The resected tumors and control tissues were incubated in a 4% PFA solution in PBS for 6 h followed by an overnight incubation in a 30% sucrose solution. The fixed tissues were embedded and then frozen in OCT medium. Five micromolar sections were obtained on a glass slide and then fixed in acetone, blocked with PNB blocking buffer and incubated overnight with the macrophage marker rat antimouse CD68 (1:1000 AbD serotec Cat. No. MCA1957). Next, the tissues were incubated with the secondary antibody goat-anti rat conjugated with AlexaFluor-488 (1:500; Invitrogen) for 1 h at RT. Sections were then stained with DAPI (2 μg/mL; Invitrogen) for 5 min and then mounted in ProLong Gold Mounting Medium (Invitrogen). The sections were imaged at 40× using a Zeiss Axiovert 200 M confocal microscope in Cy5, FITC and DAPI channels. Isolated tumor tissues were fixed in 4% paraformaldehyde and then embedded in paraffin for sectioning. H&E staining was performed on the sectioned tissues as reported in the literature.
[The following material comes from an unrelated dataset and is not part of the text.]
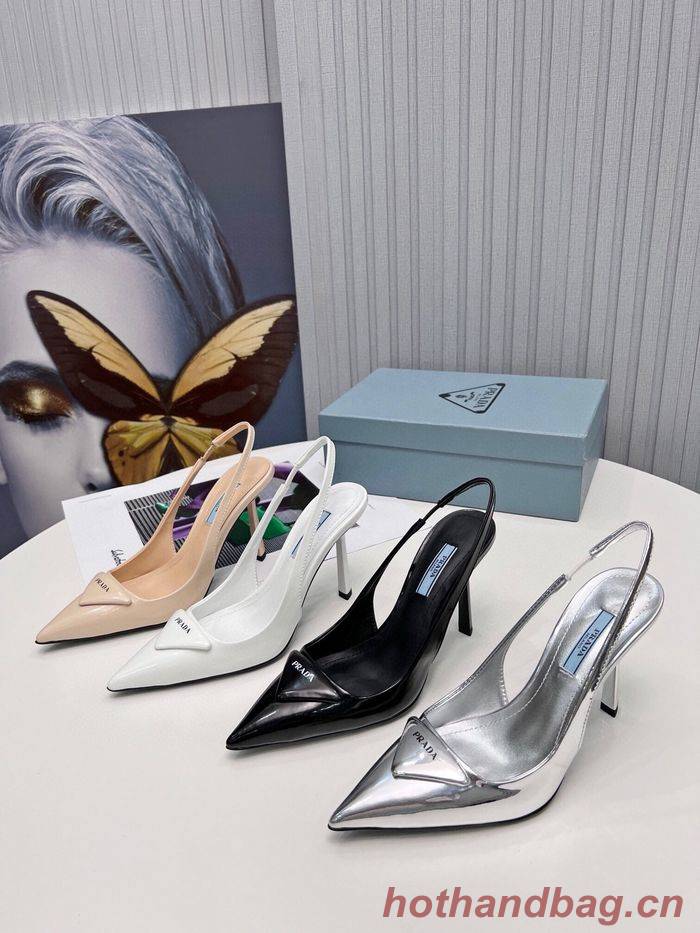 Prada Shoes PDS00074 Heel 9.5CM Prada Shoes PDS00074 Heel 9.5CM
Intraopereative Fluorescence Guided Surgery with the da Vinci Surgical System

Breast Tumors (4T1)

Tumor-bearing and control mice were administered the indicated probe intravenously (20 nmol in a solution of PBS with 10% DMSO) 6 h prior to surgery. A few minutes before surgery, mice were anaesthetized and euthanized by cervical dislocation and then mounted onto the surgical table. Surgery was performed using the da Vinci Surgical which is equipped with a CCD camera with near-infrared fluorescence imaging capability. Breast tumors were detected by fluorescence illumination and the solid tumors were removed using a combination of white and fluorescence light as a guide to confirm complete tumor resection. After removal of primary tumor the tumor bed was illuminated by near-infrared fluorescence to detect and remove residual or secondary malignant tissue. Real-time videos of the surgical procedures are shown in supplementary results (Movie S1). The tumors identified by the probe fluorescence were removed for further analyses by histology in order to confirm malignancy.

Colorectal Tumors

Apc mice were placed on a low fluorescence chow 72 h prior to surgery and then fasted for 12 h before surgery. 100 μL of 20 nmol of the indicated probe in PBS containing 10% DMSO was intravenously administered 6 h prior to surgery. Mice were then euthanized while under isoflurane anesthesia and then mounted onto the surgical table for FGS. The whole colon was observed for the presence of tumors using fluorescence. The colon portion of the intestine was then completely removed from the mouse, flushed with PBS to remove fecal matter, and then splayed open. Colonic polyps identified by fluorescence illumination of the splayed colon were subjected to histological analyses for positive confirmation of adenoma. Real-time videos of the surgical procedure of the FGS using the da Vinci system are shown in the supplementary results (Movie S2).

Lung Tumors

Tumor and control mice were administered intravenously with the indicated probe (20 nmol dissolved in PBS with 10% DMSO) 6 h before surgery. Mice were then euthanized while under isoflurane anesthesia and subsequently placed on the surgical table. The lung cavity was opened using the microforcep and scissor tools of the da Vinci system. Fluorescence illumination was used to detect the tumor margins and secondary tumors, which were excised and analyzed by histology for positive confirmation of malignancy. Real-time videos of the FGS procedures are shown in the supplementary results (Movie S3).